*** Opening Input data ***

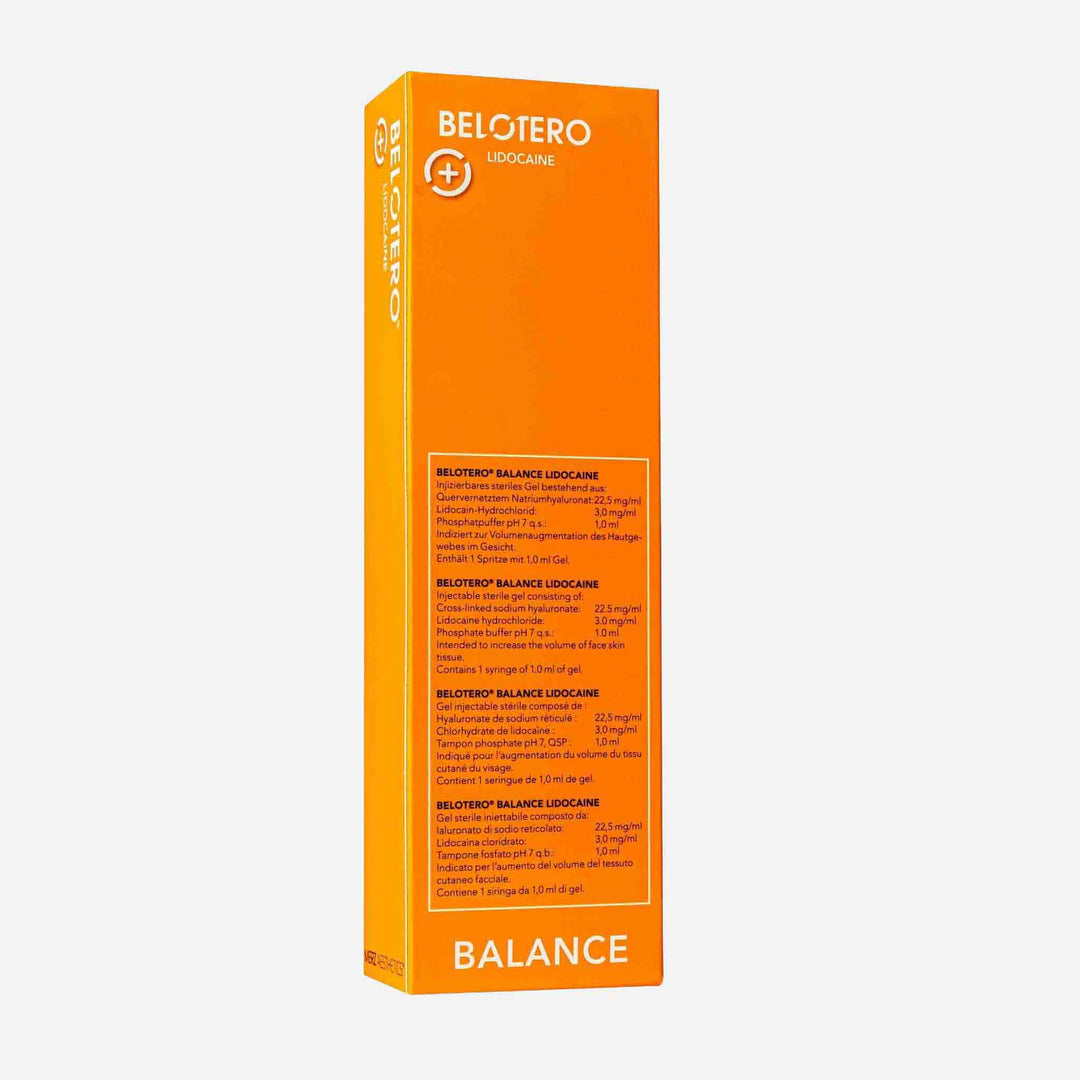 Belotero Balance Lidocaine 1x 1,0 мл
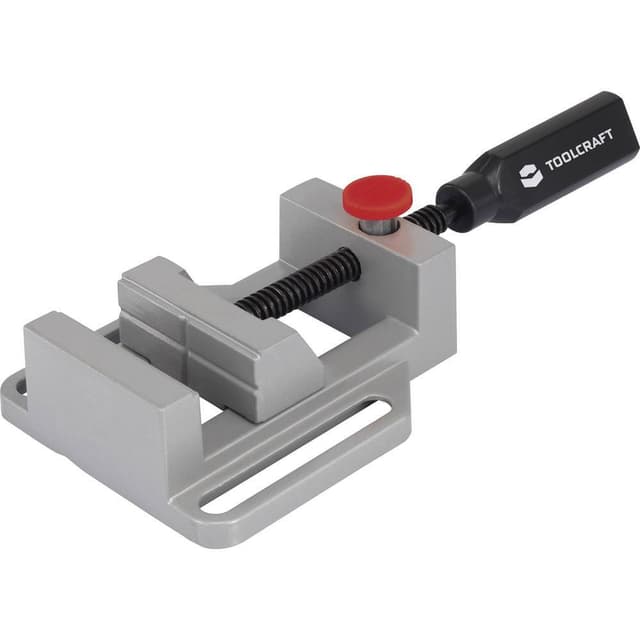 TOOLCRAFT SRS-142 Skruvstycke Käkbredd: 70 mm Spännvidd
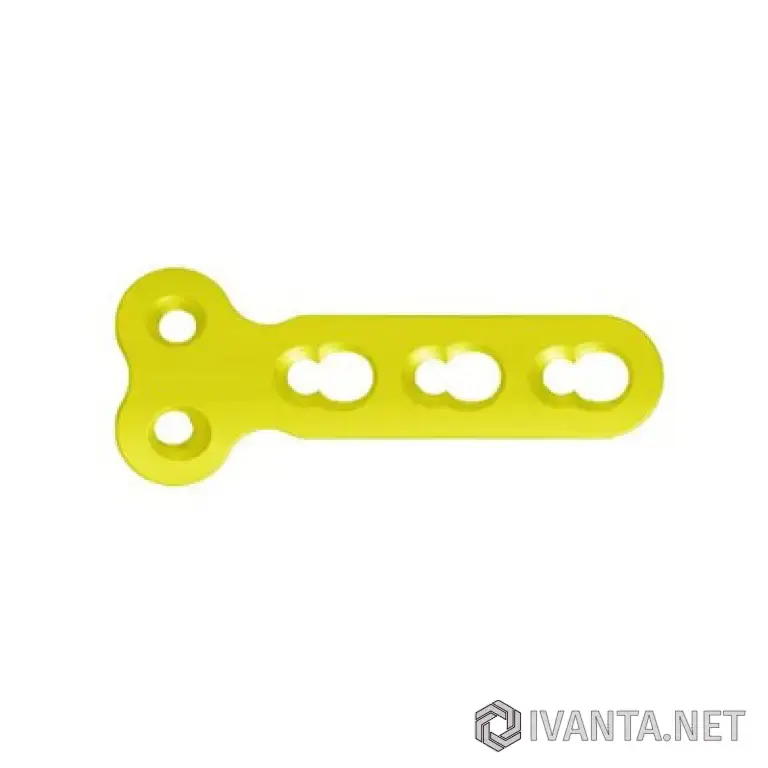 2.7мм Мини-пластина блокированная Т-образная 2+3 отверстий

*** Closing Input data ***
*** Opening Input data ***

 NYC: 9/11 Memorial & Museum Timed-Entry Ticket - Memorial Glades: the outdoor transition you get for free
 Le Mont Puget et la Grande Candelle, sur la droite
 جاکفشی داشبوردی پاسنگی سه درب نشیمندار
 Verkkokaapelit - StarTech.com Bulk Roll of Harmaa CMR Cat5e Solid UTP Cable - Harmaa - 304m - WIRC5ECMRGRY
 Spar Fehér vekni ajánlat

*** Closing Input data ***

Problem requirements: Extract exactly and only the lines above from the line containing "Verkkokaapelit - StarTech.com" through the line containing "Spar Fehér vekni ajánlat", both end lines included.

Expected answer:
 Verkkokaapelit - StarTech.com Bulk Roll of Harmaa CMR Cat5e Solid UTP Cable - Harmaa - 304m - WIRC5ECMRGRY
 Spar Fehér vekni ajánlat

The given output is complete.